Pedro fled into Guienne. That province then belonged to the English. It was a portion of the inheritance of Eleanor wife of Henry II. the first king of the House of Plantagenet. Edward the Black Prince governed it as viceroy and held his court at Bordeaux. Edward had been on the point of becoming brother-in-law to Pedro who had been affianced to Edward’s sister Joan as I have already related, and Pedro induced him to undertake to recover for him the throne of Castile. Edward insisted on a preliminary contract by which Pedro was to pay the cost of the expedition if successful. He then put his legions in motion. Henry called Du Guesclin to his side. The knight, probably the best soldier in Europe after Edward, was averse to a battle. He warned Henry that their Free-Companions would not stand against the disciplined veterans of the Black Prince; but Henry was rash as well as brave. He put too much trust in his Spanish contingent who had fought against the Moors and never yet turned their backs to an enemy. The result was the battle of Najara where Henry and Bertrand were defeated; and Pedro was restored to the throne.

Edward in taking leave, admonished him to be clement to his people, and not massacre quiet folks who during the short reign of Henry, had shown respect for the king de facto; and also to pay promptly the money he owed him. Pedro promised to do both; but Edward’s back was no sooner turned than the dagger, the bowl and the cord were in full play again. Pedro seemed to think he had too many subjects and that it was well to thin them out. One night a gentleman was set upon and killed in the streets of Toledo. A woman who had witnessed the fray, testified that one of the murderers made a crackling noise with his legs in walking. This was a known peculiarity of the king: he was the assassin. He ordered a wooden effigy of himself to be made and to be beheaded in the market-place. This expiation procured for him the name of Pedro-the-just.
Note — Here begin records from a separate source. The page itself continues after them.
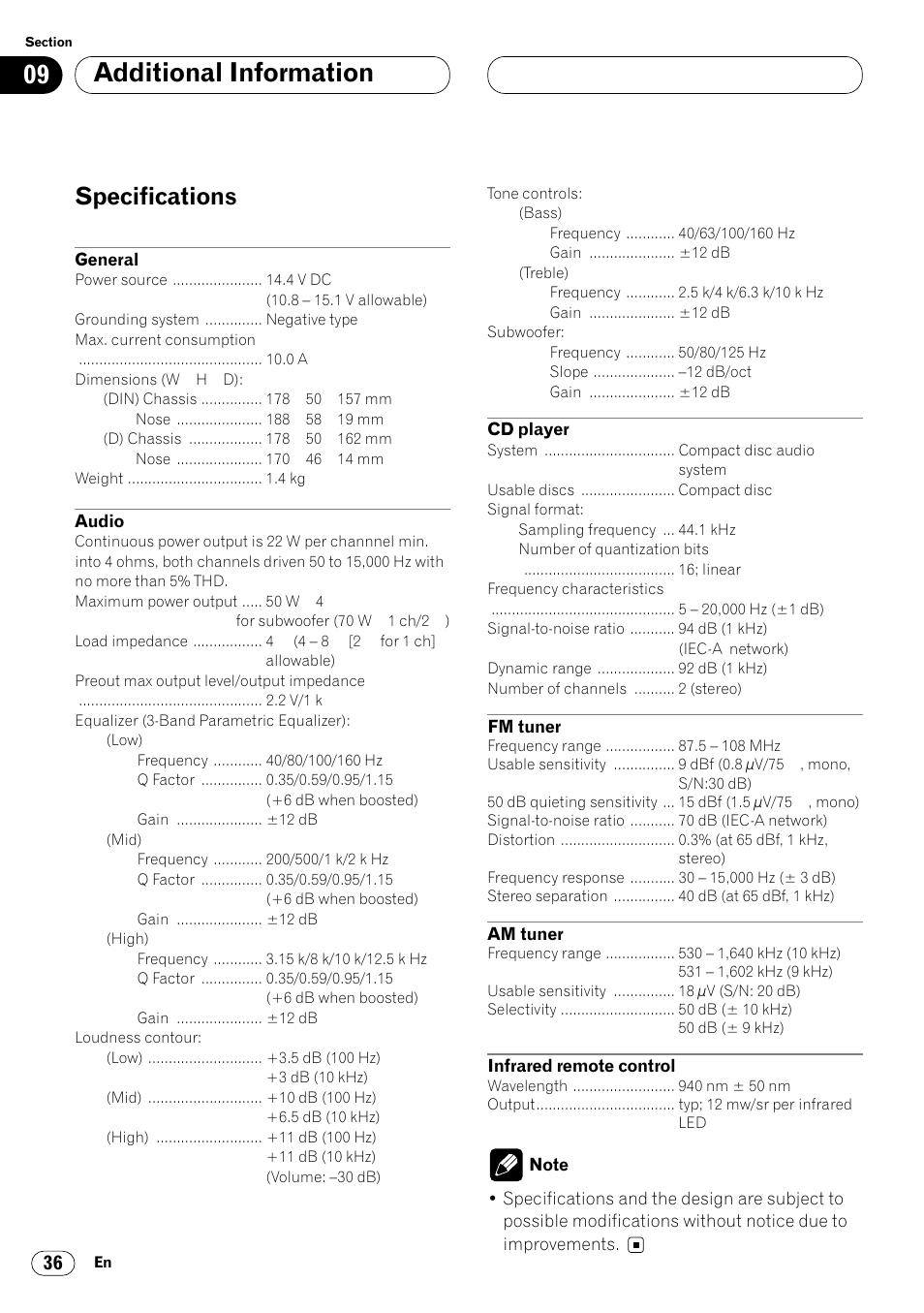 Specifications 36, Additional information, Specifications | Pioneer DEH-P6450 User Manual | Page 36 / 76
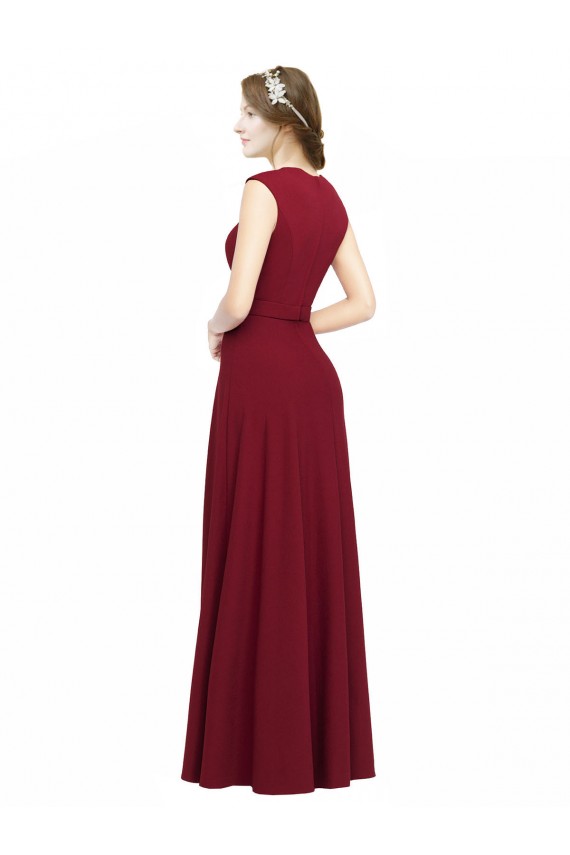 Square Neck Long Stretch Crepe Burgundy Sleeveless Prom Dress / Bridesmaid Dress Victoria
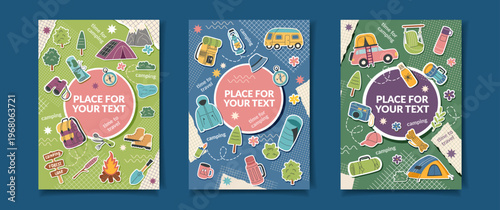 Set of camping posters with travel objects9. Vector flat collection of cards. The concept of travel, camping, hiking, weekend, vacation and outdoor recreation.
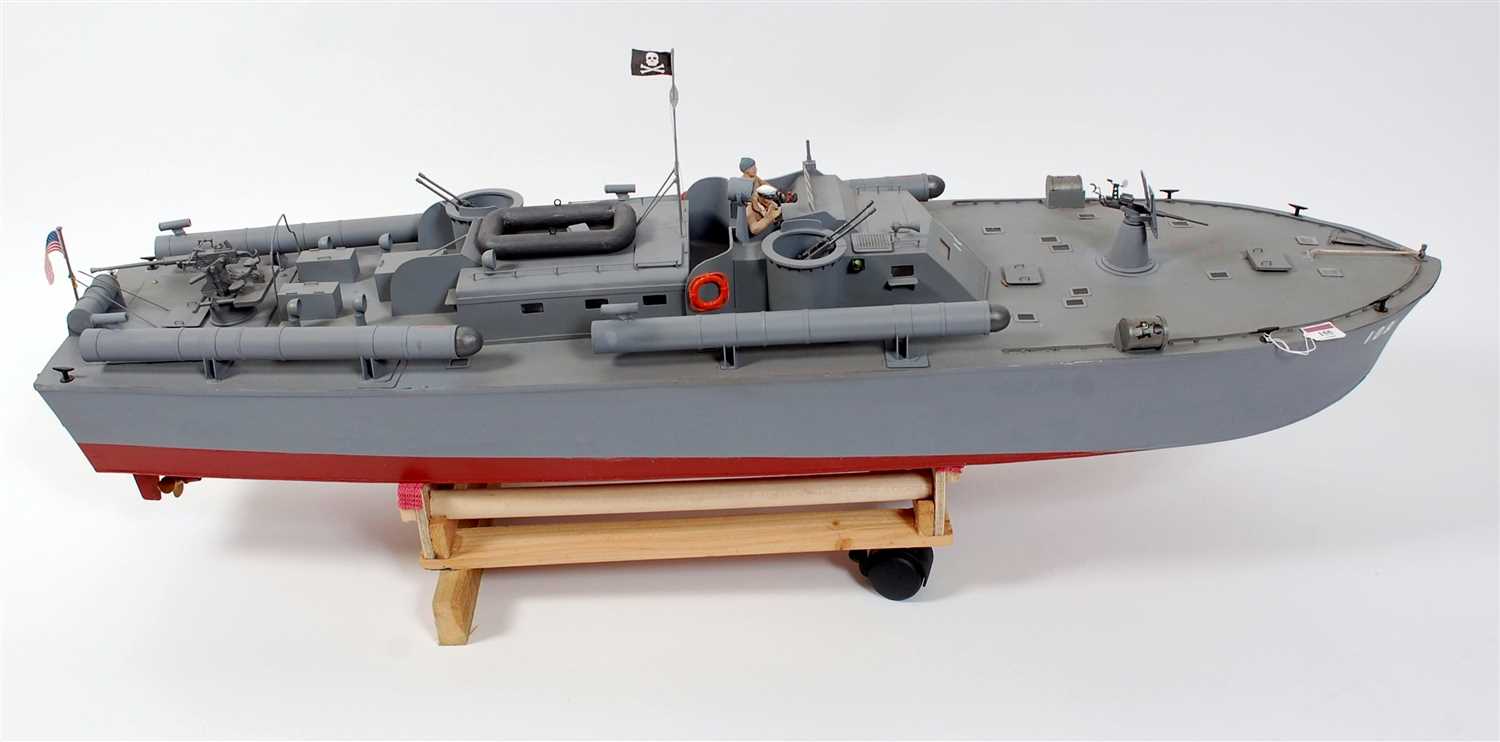 Lot 57 - A scratch built balsa wood model of a PT109...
As to the other point of his promise, he sent to Edward a small sum and then suspended payment. Edward demanded the remainder. Pedro, after having gone through the whole litany of excuses so well known to debtors, sent him word that if he wanted his money he had better come and get it. He could now do this with impunity. The prince had contracted in the Najara campaign, a dysentery which proved fatal. He lived long enough however to know that he had served an ingrate and to foretell that the service would do him no good.

The prediction was verified. Henry no sooner learned the death of the Black Prince than he hastened to concert new measures with Du Guesclin. Once more did the knight muster his tramps. They burst into Castile this time without visiting the pope and getting his blessing: perhaps the former benediction was still of force, though they had doubtless spent the money. Pedro was besieged in one of his towns and taken prisoner. He was brought into the presence of Henry. The two brothers had not met in fifteen years. They drew their swords and flew at each other with desperate fury, and Pedro fell by the hand of Henry.

Henry of Trastamara once more mounted the throne of Castile, and this time he transmitted it to his descendants. Through a succession of Henrys and Johns and Isabellas and Joannas which I spare you, the crown of Castile fell to Isabella wife of Ferdinand of Aragon. Their grandson was the great emperor Charles V. From him is descended the present House of Spain and also the House of Bourbon.

But I have intimated that the queen of England is descended from the cruel Pedro.

Isabella daughter of Peter and Maria de Padilla, married Edmund duke of York fifth son of Edward III. Their son Richard earl of Cambridge married Anne Mortimer a marriage which tied a knot in English pedigree that it took thirty years of civil war to untie, or rather to cut with the sword. And who was Anne Mortimer to set all England together by the ears?

In the several lulls in that civil war, when a Lancastrian and a Yorkist met by chance and talked politics, the former would say: John of Gaunt was the fourth son of Edward III. while your Edmund of York was the fifth, and thus Lancaster takes precedence. Softly my good Sir, replies the Yorkist: Richard of Cambridge married Anne Mortimer. The Lancastrian responds with the hyperbole that it is not worth while to go back to king Arthur. They touch their hats and bid each other good morning, or what is quite as likely, draw their swords and fight.